Blair Television, meanwhile, projects spot TV spending in the first quarter will rise 6% to 8% over 1993, with all categories except package goods showing significant growth.
And Katz President Tom Olson said the package-goods category is being dragged down by only one advertiser.
"Package goods are up with the exception of Procter & Gamble, which has cut spending in spot TV," he said. "But we're running into people like American Home Products that have not been active in spot and had shifted money into things like syndicated barter TV time. We read that as a pretty encouraging sign."
Indeed, while P&G is down sharply-cutting its spot TV budget about 30% through the first three quarters of '93-that loss is being more than compensated for by growth from such key categories as domestic and imported autos, telecommunications and fast-food.
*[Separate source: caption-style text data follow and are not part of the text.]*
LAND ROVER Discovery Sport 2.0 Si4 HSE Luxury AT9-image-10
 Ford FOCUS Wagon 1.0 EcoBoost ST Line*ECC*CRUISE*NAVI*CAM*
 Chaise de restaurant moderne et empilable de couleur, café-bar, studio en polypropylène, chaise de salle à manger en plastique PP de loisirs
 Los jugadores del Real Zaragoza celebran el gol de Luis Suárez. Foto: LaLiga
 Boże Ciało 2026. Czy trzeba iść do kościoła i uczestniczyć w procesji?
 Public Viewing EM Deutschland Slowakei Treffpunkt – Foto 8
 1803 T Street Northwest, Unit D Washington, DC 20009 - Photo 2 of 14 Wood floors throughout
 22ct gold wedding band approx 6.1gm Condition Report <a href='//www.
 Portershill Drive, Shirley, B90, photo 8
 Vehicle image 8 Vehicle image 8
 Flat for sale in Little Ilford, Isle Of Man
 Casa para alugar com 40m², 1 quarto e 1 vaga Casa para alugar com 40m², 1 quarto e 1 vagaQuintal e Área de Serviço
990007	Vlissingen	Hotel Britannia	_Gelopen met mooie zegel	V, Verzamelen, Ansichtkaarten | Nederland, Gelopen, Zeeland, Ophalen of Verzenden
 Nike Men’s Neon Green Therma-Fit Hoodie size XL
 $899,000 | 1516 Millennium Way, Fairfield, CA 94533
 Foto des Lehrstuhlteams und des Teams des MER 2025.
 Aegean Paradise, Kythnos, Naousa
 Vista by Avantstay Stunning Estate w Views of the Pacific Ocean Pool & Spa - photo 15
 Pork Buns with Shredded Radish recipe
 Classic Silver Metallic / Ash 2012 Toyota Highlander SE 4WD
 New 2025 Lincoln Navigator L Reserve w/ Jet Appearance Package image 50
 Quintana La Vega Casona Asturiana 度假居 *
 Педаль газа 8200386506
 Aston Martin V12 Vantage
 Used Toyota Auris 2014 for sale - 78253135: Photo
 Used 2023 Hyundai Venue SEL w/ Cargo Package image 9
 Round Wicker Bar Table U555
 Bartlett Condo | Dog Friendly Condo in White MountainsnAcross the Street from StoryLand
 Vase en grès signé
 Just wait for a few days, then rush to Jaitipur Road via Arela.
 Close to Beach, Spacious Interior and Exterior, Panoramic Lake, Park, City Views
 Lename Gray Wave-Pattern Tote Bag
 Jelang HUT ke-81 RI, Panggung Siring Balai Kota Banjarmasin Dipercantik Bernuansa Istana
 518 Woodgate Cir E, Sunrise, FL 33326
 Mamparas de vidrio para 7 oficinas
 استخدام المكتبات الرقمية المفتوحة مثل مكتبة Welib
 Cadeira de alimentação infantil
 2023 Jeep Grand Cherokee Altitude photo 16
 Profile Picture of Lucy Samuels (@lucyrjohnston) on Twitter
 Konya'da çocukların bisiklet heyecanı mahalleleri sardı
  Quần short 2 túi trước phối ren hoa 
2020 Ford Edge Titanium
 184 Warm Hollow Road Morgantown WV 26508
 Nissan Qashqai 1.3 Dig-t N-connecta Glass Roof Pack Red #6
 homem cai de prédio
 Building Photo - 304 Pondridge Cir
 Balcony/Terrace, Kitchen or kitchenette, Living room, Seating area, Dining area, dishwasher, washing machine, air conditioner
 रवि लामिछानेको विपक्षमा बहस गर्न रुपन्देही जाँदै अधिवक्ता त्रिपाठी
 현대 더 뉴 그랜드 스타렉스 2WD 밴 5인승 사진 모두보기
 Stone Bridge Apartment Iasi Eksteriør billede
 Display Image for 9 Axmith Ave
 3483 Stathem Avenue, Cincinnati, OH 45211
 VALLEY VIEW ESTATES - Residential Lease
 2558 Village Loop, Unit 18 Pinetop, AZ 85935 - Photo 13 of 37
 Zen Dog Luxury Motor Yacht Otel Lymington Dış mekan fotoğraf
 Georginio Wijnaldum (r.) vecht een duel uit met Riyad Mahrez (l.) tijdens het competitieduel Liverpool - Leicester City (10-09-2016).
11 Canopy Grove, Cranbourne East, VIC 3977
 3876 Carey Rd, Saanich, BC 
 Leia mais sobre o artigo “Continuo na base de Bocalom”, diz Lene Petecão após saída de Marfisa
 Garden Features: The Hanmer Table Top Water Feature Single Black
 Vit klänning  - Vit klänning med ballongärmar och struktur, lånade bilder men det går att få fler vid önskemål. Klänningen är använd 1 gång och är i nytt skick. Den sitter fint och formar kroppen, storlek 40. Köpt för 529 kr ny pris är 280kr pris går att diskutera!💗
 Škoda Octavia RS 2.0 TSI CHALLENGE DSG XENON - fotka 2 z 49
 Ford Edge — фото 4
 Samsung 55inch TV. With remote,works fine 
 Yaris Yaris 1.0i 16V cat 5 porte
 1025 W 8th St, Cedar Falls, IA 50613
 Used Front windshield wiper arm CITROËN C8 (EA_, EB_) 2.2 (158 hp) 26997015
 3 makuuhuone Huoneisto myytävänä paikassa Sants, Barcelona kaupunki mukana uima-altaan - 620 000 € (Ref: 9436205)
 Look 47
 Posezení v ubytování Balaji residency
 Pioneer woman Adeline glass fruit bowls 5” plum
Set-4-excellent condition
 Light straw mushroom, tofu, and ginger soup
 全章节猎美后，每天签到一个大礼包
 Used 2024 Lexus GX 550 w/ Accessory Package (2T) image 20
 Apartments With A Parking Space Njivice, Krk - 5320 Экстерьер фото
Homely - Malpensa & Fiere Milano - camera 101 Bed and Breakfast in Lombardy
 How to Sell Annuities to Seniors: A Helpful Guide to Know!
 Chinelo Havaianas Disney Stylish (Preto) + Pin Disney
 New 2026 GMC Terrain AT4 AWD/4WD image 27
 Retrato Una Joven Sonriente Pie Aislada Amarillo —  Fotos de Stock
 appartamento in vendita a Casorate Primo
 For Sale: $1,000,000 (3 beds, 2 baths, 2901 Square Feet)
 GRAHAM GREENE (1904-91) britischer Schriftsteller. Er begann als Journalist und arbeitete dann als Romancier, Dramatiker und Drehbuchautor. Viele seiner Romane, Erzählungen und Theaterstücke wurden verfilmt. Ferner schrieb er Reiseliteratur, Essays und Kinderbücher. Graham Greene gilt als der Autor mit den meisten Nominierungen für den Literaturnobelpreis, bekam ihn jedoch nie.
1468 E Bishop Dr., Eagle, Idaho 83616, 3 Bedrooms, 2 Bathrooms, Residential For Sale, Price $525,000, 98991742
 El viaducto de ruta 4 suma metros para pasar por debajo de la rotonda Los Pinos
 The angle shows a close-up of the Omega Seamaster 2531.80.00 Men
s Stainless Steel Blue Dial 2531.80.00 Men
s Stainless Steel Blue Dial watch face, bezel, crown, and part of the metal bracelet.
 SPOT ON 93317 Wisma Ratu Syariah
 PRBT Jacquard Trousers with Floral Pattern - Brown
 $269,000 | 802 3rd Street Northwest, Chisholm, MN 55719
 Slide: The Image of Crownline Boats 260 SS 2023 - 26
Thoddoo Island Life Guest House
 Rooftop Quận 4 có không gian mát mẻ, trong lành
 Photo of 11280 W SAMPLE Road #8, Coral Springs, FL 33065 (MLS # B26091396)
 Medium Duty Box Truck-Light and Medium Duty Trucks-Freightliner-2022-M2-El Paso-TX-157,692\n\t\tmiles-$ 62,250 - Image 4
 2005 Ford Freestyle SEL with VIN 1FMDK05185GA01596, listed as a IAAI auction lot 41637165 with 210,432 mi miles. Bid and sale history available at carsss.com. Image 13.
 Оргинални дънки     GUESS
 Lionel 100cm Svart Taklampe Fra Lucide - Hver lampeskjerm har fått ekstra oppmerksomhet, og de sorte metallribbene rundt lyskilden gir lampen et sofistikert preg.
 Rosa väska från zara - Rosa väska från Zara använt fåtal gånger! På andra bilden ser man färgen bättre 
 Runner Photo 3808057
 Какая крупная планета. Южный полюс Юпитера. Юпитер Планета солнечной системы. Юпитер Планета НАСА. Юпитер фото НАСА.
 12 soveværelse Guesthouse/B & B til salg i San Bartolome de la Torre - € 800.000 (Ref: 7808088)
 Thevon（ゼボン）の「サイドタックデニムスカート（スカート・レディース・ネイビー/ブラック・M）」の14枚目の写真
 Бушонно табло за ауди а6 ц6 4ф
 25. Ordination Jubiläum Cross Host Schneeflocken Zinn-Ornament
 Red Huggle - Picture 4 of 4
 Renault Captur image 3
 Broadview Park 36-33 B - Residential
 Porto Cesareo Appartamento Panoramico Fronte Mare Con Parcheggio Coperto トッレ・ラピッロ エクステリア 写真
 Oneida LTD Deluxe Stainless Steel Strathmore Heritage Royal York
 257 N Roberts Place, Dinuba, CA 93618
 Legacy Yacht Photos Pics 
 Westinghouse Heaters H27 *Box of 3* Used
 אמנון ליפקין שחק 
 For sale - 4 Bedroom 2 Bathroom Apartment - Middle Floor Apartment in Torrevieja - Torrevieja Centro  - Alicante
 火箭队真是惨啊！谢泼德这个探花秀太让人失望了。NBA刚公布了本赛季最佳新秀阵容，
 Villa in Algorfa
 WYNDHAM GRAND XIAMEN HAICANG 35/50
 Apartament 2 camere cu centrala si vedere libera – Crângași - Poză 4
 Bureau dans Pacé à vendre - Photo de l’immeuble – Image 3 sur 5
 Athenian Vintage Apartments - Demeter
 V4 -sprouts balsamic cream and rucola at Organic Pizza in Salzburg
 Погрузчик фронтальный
"The economy is looking better and consumer confidence is improving," said Katz's Mr. Olson. "The expectation is that even though the economic recovery may not be all that robust, at least it's improving."
Several other factors have improved spot's performance as well, including a tight national TV marketplace for the networks, cable and syndication, and an overall shift away from promotional spending and toward brand advertising.
Media buyers agree.
"We think the first quarter will be up as much as 7%," said Bill Koenigsberg, president of Horizon Media. "All the signs are there."
Mr. Koenigsberg estimates that the Olympic and political spending should account for about 2 points of that growth-factoring out that spending suggests about 5% in real growth.
He said Horizon is projecting an overall increase of about 5% for spot TV in 1994.
Fourth-quarter figures are not yet available, but through the first nine months of 1993, spot TV ad spending was up only 1% to $3.9 billion, according to a Television Bureau of Advertising analysis of data from Competitive Media Reporting.
"Things have improved dramatically," said TVB President Ave Butensky. "Based on the projections we have right now, we think TV ad revenues will surpass newspaper ad spending by 1995," making TV the nation's largest ad medium.